A (:filter filter1 filter2 ...)
pattern is applied to every binding list gathered so far by graph-search
.
Each binding list is kept only if all the filter forms are true. A filter is
true if its function, when applied to the values of the arguments, returns true.
The value of each argument is:
- the argument itself, if it is not a variable, or is a variable not in the binding list
- the value the argument variable has in the binding list
Here are two examples from the test cases for graph-search
.
(graph-search '((?movie actor tom_cruise) (?movie movie ?year) (:filter (> ?year 1990))))
This collects movies with Tom Cruise and their years, then filters out movies not greater than 1990.
(graph-search '((?movie1 movie 1999) (?movie2 movie 1999) (:filter (not-equal ?movie1 ?movie2)) (?movie1 actress ?actress) (?movie2 actress ?actress)))
This finds any actress who was in two different movies in 1999. (Note that two answers are returned that are actually the same. Could that be eliminated with a different filter?)
Because filters are somewhat complicated, there is a set of test cases just for filtering. Your code must pass both test sets:
Do not use EVAL to implement filters. Page 161 of Graham explains why
eval
is to be avoided in general.
External Interaction
The exercises below are relevant for connecting an external client, like a browser, to a semantic web service in Lisp.
atomize
Function names: atomize
Tests: (run-tests atomize)
Externally, semantic web triples contain numbers, strings, or qualified names. Qualified names
look like Lisp symbols, e.g., foo:bar
.
For our movie application, there are just symbols and numbers. Strings like "American Beauty"
need to be converted to AMERICAN_BEAUTY
Define a function (atomize string)
that takes a string containing
zero or more "items", where an item can be anything you see in the SELECT queries below.
The function should return a list of atoms, either numbers or symbols. Items that look like symbols
in the input should be unchanged. String values like "Tom Cruise" should become symbols like
TOM_CRUISE.
Punctuation should map to symbols with Lisp character names.
{
and }
are both Lisp-readable symbol names. Parentheses and periods
are not, but you can create a symbol whose name contains those characters using vertical bars, i.e.,
|.|
, |(|
, and |)|
. If you want to make
a symbol for the Sparql OR operator, you would write ||||
.
(See Graham, page 134.)
The input string might include new line or tab characters. They should be treated like spaces.
Chapters 7 and 8 on reading and symbols cover most of what you need. Check the relevant glossary sections for more, including the glossary sections on strings and sequences. Strings are sequences.
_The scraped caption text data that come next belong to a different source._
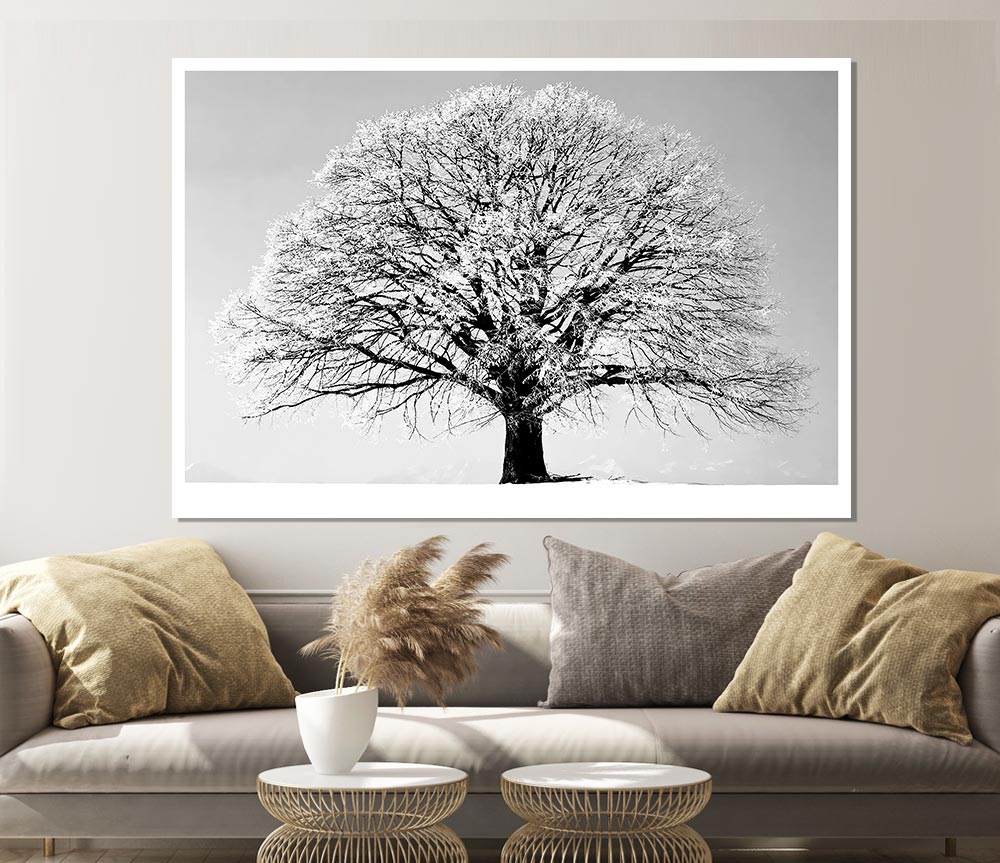 Winter Tree B N W Print Poster Wall Art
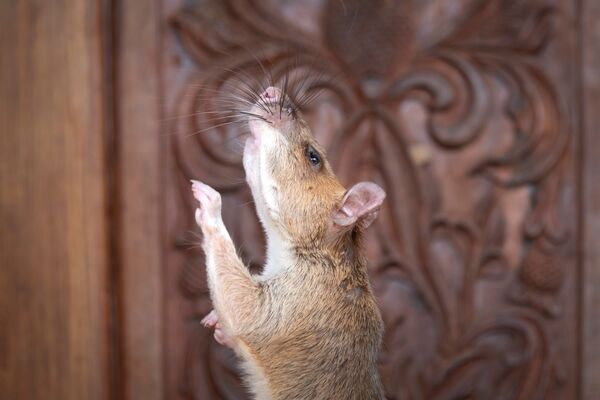 Sterblinė žiurkė gavo aukščiausią Britanijos apdovanojimą Sterblinė žiurkė gavo aukščiausią Britanijos apdovanojimą - Sputnik Lietuva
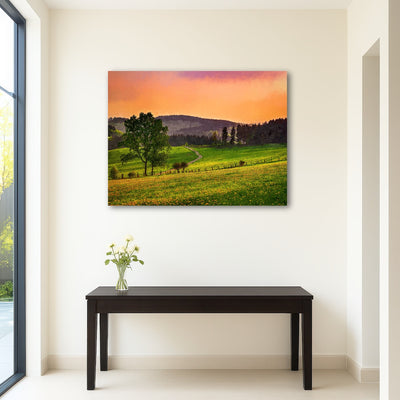 AUTO-MOCKUP ROOM | evening pasture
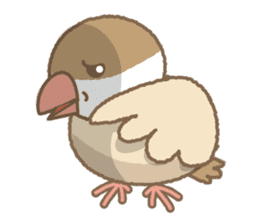 Java sparrow_cinnamon sticker #2241774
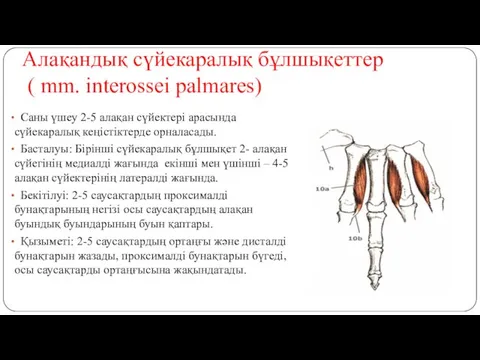 Алақандық сүйекаралық бұлшықеттер ( mm. interossei palmares) Саны үшеу 2-5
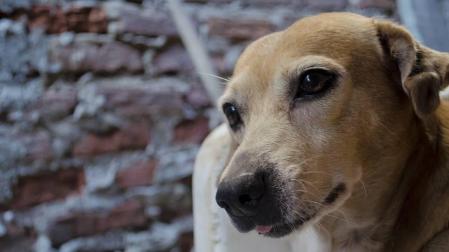 Toma al perro como rehén para que su pareja no lo denuncie por malos tratos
Be sure to read the comments in the test cases, to see what's being tested by different test cases.
SELECT parser
Function names: select-queries
Test cases: (run-tests select-queries)
An external client for a semantic web server will send SparQL SELECT forms, such as the ones sent to DBpedia . SparQL statements are sent as simple strings, to be parsed by the server into an executable query.
Define select-queries
to take a string with simplified SparQL
and returns a list of queries that could be passed to
graph-search
. The simplifications to SparQL are
- No PREFIX expressions
- FILTERs have simple infix operators with string or numeric data, but no types, e.g., marking something as a date
Here are the queries above, expressed in simplified SparQL:
SELECT ?movie, ?year WHERE { ?movie movie ?year FILTER NOT EXISTS { ?movie actor "Tom Cruise" } }
This uses the FILTER NOT EXISTS SparQL feature.
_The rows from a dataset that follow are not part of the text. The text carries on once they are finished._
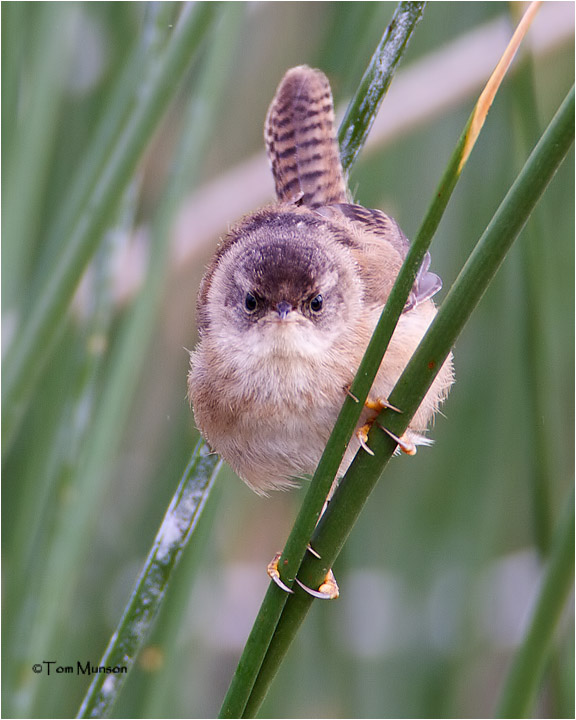  Marsh Wren (juvenile)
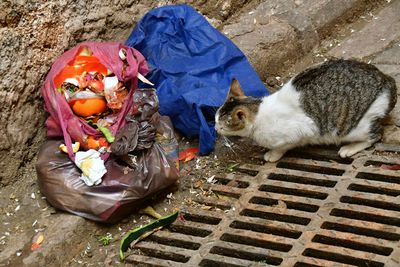No shortage of cats in Fez - Moroc-3271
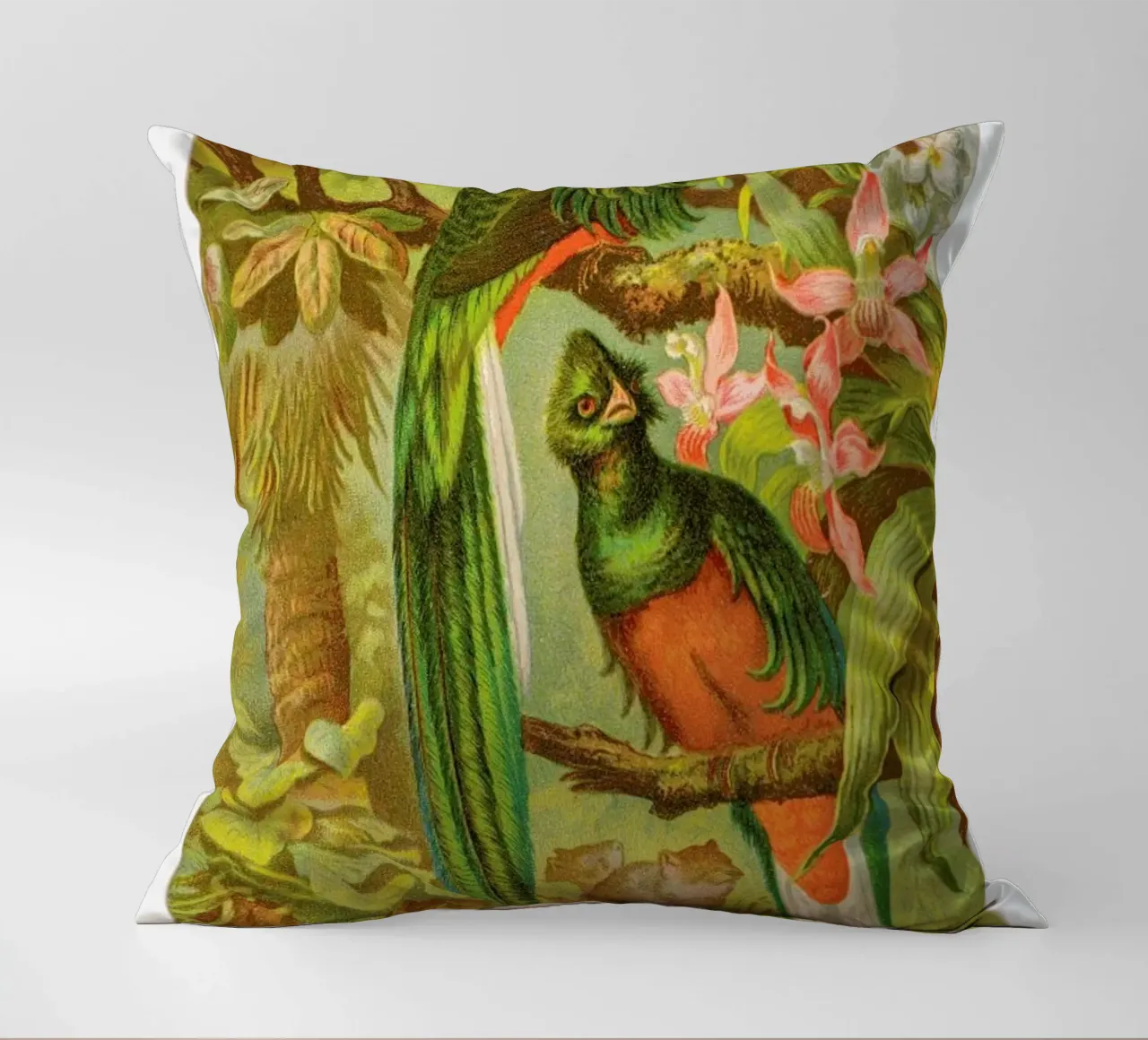 Native Birds cuscino da Flora & Fauna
SELECT ?movie, ?year WHERE { ?movie movie ?year . ?movie actor "Tom Cruise" FILTER () ?year > 1990 ) }
As far as I can tell from the grammar, a filter can have only one form, so if a query had several, e.g., a movie without Tom Cruise, after 1990, it might be like this:
SELECT ?movie, ?year WHERE { ?movie movie ?year . ?movie actor "Tom Cruise" FILTER NOT EXIST { ?movie actor "Tom Cruise" } FILTER ( ?year > 1990 ) }
None of the test cases explore multiple filters, and serious syntactic parsing is not the point of this exercise.
Note that W3 triples syntax used an isolated period to separate multiple triples.
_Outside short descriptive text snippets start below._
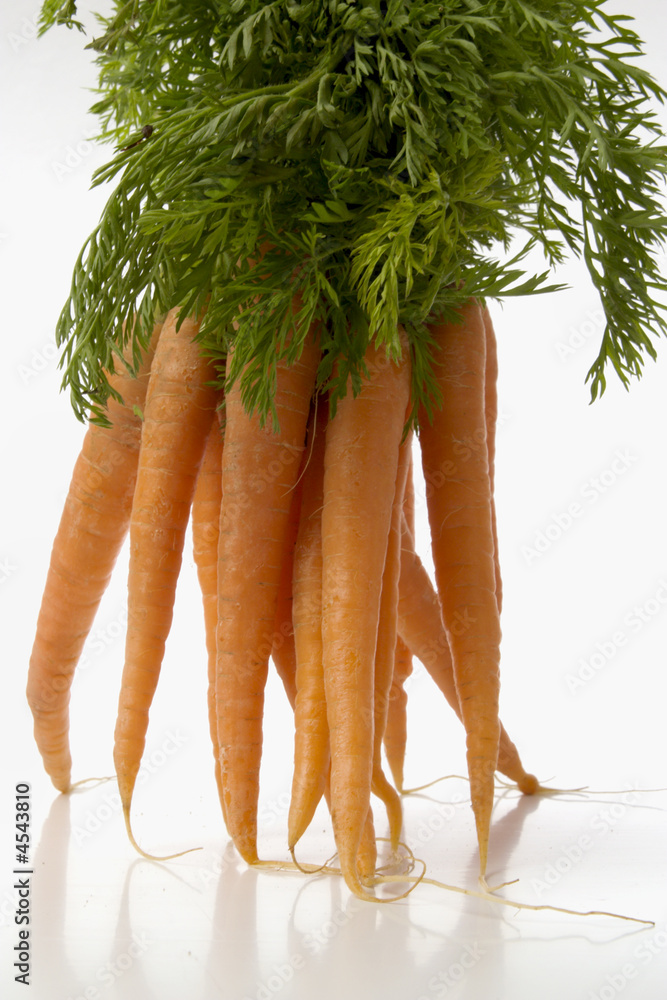 Canvas Prints fresh carrots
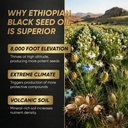 ethiopian-black-seed-oil-softgels-1000mg-6.jpg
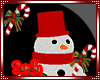 *SB* Christmas Snowman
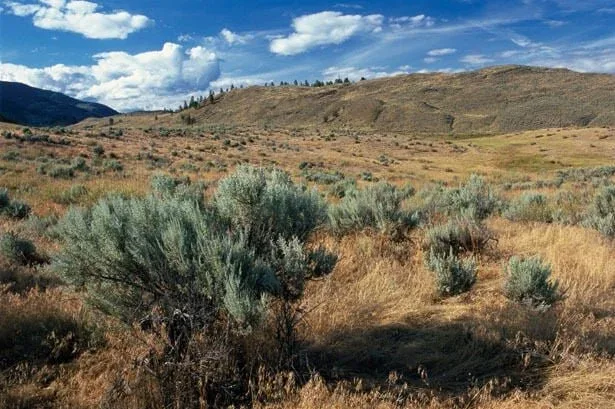 Dry grassland and rolling terrain in the Okanagan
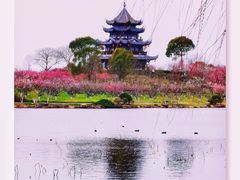 -上海海湾国家森林公园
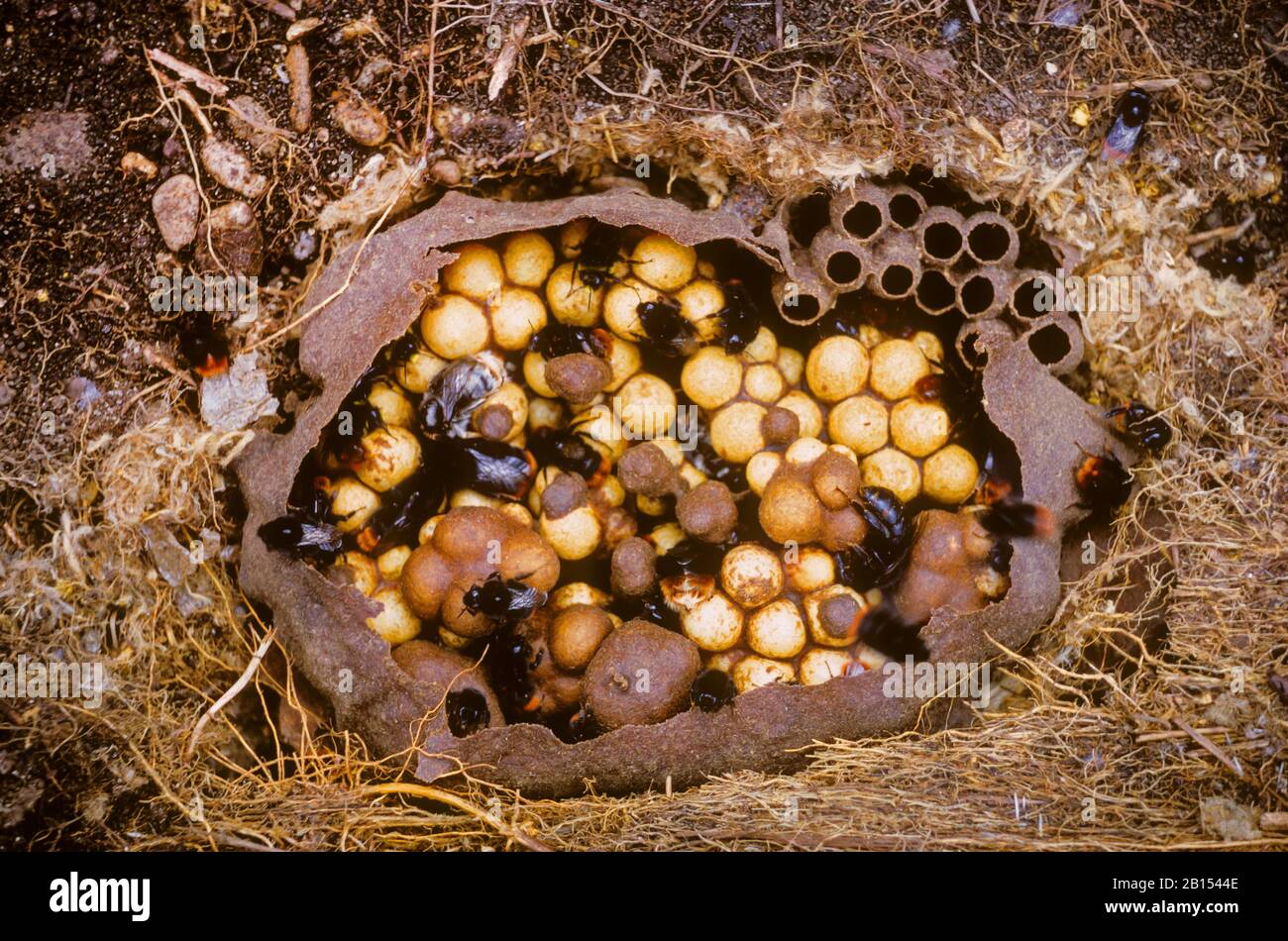 Rotschwänzige Hummelbiene (Bombus lapidarius, Pyrobombus lapidarius, Aombus lapidarius), öffnete das Nest, Deutschland Stockfoto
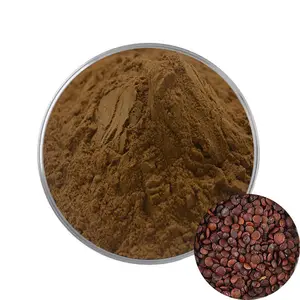 Wholesale Factory Price Improving Sleeping High Quality Wild Jujube Seed Extract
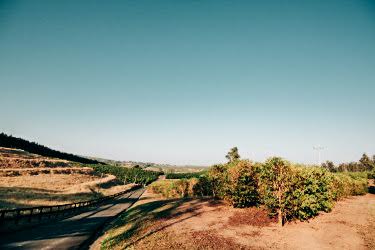 pinhal blend landscape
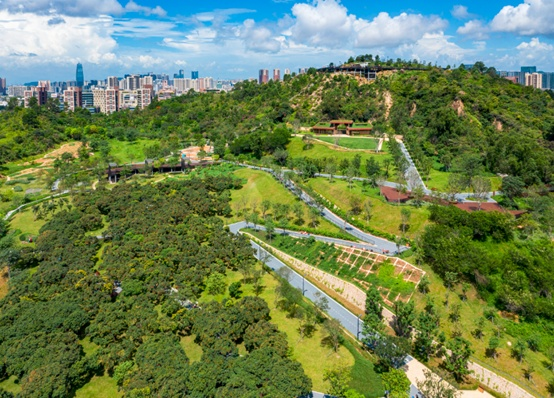 深灣街心公園西麗生態公園南山建成兩海綿型公園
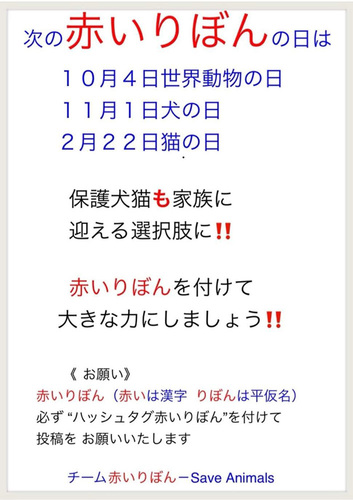 チーム赤いりぼん.jpg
The input string might include new line characters.
A number of operators are recognized in filter patterns.
SELECT ?movie1, ?movie2, ?actress WHERE { ?movie1 movie 1999 . ?movie2 movie 1999 . ?movie1 actress ?actress . ?movie2 actress ?actress FILTER ( ?movie1 != ?movie2 ) }
For this exercise, you can just handle simple comparisions, i.e., less than, greater than, and not equal. If you want to handle more complex expressions, do the infix parser exercise. That's a good challenge, but more than the test cases require. They only use simple comparisons.
Graph search server
Function names: N/A
Test cases: N/A
This applications uses code from the above exercises.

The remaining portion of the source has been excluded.